Excerpts from a dataset:
**********
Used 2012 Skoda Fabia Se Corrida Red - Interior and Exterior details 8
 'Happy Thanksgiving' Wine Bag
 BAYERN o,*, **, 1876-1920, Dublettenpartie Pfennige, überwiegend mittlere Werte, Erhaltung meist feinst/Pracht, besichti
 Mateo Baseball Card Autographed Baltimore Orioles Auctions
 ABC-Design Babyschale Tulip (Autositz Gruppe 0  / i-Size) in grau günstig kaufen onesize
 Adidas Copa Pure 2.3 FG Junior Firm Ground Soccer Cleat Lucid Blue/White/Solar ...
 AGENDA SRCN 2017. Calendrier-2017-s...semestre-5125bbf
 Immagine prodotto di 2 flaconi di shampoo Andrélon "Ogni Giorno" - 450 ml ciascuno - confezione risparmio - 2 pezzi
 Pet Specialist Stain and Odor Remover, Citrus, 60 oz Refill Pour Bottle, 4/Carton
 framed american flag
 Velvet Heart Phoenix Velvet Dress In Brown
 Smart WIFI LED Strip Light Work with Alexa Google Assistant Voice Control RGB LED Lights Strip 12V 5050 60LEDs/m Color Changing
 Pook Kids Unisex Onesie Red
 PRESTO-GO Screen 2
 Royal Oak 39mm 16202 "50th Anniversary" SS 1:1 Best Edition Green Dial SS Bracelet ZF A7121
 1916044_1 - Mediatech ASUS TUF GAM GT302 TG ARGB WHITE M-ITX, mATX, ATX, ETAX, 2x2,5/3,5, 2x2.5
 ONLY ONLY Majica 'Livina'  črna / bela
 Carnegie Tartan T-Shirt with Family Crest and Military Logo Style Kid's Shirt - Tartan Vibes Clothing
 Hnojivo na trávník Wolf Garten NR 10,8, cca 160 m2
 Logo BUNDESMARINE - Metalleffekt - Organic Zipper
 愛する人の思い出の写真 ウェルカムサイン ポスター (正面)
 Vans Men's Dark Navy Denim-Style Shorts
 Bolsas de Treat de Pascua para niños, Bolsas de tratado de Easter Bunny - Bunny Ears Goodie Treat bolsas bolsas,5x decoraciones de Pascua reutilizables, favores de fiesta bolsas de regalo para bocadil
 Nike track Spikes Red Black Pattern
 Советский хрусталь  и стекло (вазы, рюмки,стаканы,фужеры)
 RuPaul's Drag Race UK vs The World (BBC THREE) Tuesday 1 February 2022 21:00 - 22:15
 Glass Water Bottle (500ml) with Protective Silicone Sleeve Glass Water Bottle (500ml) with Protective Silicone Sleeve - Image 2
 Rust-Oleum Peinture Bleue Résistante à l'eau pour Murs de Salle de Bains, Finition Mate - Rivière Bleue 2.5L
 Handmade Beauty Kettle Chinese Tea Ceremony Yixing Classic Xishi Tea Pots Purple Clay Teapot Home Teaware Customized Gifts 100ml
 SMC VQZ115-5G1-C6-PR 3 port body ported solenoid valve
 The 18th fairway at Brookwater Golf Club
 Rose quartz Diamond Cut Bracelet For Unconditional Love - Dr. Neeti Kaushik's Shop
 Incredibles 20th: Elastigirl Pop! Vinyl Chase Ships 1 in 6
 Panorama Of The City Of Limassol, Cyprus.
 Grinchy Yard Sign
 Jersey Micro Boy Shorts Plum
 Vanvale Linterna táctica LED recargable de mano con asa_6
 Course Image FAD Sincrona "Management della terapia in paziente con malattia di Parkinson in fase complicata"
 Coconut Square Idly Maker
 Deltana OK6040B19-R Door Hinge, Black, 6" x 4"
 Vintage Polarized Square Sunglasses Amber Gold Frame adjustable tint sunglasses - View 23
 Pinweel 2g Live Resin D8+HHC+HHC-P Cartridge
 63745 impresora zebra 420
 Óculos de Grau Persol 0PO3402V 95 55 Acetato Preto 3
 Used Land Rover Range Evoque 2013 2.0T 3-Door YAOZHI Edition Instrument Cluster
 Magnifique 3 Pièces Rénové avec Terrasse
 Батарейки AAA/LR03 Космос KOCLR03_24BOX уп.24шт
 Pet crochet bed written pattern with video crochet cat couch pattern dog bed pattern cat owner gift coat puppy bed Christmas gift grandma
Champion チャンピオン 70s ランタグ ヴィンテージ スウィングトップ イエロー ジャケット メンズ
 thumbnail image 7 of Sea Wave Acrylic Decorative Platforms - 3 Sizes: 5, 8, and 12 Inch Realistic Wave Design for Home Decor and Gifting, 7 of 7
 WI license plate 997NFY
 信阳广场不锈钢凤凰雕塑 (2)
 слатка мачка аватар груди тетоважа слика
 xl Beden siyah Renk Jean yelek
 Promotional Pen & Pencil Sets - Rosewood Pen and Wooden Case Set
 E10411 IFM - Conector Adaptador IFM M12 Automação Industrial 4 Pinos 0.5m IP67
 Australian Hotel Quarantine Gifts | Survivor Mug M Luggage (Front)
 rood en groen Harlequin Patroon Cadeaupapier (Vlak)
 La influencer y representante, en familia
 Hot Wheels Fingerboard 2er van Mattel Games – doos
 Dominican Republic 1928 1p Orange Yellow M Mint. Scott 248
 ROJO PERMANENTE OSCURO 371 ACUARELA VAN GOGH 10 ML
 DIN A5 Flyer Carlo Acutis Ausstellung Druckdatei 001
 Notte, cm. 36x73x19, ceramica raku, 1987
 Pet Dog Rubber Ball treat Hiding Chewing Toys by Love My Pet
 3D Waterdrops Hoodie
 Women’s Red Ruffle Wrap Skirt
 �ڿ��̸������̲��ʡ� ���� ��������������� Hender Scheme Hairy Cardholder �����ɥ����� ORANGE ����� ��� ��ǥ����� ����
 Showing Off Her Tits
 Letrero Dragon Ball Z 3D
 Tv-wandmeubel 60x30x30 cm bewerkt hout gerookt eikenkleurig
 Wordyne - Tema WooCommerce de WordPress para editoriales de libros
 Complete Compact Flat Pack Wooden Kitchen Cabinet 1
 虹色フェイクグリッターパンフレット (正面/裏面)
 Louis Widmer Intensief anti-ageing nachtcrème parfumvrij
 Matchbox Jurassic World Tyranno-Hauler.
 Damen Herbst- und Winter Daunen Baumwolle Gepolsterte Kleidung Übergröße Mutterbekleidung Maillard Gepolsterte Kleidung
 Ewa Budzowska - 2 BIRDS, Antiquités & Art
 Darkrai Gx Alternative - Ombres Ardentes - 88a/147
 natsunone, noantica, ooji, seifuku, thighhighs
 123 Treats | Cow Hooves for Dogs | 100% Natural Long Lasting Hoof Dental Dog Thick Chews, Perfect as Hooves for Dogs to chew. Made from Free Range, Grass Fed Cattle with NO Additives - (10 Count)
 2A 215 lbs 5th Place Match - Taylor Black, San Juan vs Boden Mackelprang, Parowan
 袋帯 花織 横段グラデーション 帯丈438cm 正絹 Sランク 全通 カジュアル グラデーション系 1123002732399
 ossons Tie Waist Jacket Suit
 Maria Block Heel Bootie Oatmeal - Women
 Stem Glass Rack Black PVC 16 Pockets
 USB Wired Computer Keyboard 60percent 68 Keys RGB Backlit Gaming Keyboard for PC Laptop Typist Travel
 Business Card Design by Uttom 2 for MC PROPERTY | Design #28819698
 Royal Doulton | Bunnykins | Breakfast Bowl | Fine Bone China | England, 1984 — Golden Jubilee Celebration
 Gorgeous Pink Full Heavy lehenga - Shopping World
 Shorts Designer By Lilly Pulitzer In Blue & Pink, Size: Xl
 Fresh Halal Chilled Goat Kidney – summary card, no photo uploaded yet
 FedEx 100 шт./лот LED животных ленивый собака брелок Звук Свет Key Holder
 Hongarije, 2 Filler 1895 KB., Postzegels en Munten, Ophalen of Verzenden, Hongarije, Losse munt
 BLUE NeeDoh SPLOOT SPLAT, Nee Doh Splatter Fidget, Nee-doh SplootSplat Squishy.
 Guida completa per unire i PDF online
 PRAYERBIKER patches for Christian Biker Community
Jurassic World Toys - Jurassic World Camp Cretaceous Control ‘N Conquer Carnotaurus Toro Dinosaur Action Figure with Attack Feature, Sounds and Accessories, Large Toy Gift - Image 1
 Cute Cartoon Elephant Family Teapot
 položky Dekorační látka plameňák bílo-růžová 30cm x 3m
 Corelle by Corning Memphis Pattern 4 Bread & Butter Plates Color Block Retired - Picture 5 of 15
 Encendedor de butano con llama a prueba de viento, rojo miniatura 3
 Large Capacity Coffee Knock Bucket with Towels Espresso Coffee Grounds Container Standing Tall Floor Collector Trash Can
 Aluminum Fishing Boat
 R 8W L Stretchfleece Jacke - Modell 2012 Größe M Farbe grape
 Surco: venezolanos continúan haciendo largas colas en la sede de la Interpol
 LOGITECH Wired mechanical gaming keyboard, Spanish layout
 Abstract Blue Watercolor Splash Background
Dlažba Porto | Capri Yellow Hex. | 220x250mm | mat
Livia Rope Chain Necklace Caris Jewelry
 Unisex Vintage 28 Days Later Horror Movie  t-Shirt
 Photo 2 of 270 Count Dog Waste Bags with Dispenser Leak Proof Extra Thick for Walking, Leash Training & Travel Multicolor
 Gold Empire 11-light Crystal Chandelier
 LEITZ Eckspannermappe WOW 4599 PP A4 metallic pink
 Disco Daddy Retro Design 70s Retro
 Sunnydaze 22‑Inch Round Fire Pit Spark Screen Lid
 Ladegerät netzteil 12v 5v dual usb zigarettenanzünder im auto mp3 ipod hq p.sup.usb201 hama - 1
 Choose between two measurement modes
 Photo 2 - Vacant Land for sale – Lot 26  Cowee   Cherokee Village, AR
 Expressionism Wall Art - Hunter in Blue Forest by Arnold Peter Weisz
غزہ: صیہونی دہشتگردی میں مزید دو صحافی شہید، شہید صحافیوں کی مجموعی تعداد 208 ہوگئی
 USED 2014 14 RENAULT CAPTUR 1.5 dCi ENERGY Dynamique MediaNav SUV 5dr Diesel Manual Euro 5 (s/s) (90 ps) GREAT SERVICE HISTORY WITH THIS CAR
**********
▶ **Your objective**
Set down, exactly as they stand above, the lines starting with the line with "ABC-Design Babyschale Tulip" and going on through the line with "Pet Specialist Stain", and no others.

▶ **Solution for this problem**
 ABC-Design Babyschale Tulip (Autositz Gruppe 0  / i-Size) in grau günstig kaufen onesize
 Adidas Copa Pure 2.3 FG Junior Firm Ground Soccer Cleat Lucid Blue/White/Solar ...
 AGENDA SRCN 2017. Calendrier-2017-s...semestre-5125bbf
 Immagine prodotto di 2 flaconi di shampoo Andrélon "Ogni Giorno" - 450 ml ciascuno - confezione risparmio - 2 pezzi
 Pet Specialist Stain and Odor Remover, Citrus, 60 oz Refill Pour Bottle, 4/Carton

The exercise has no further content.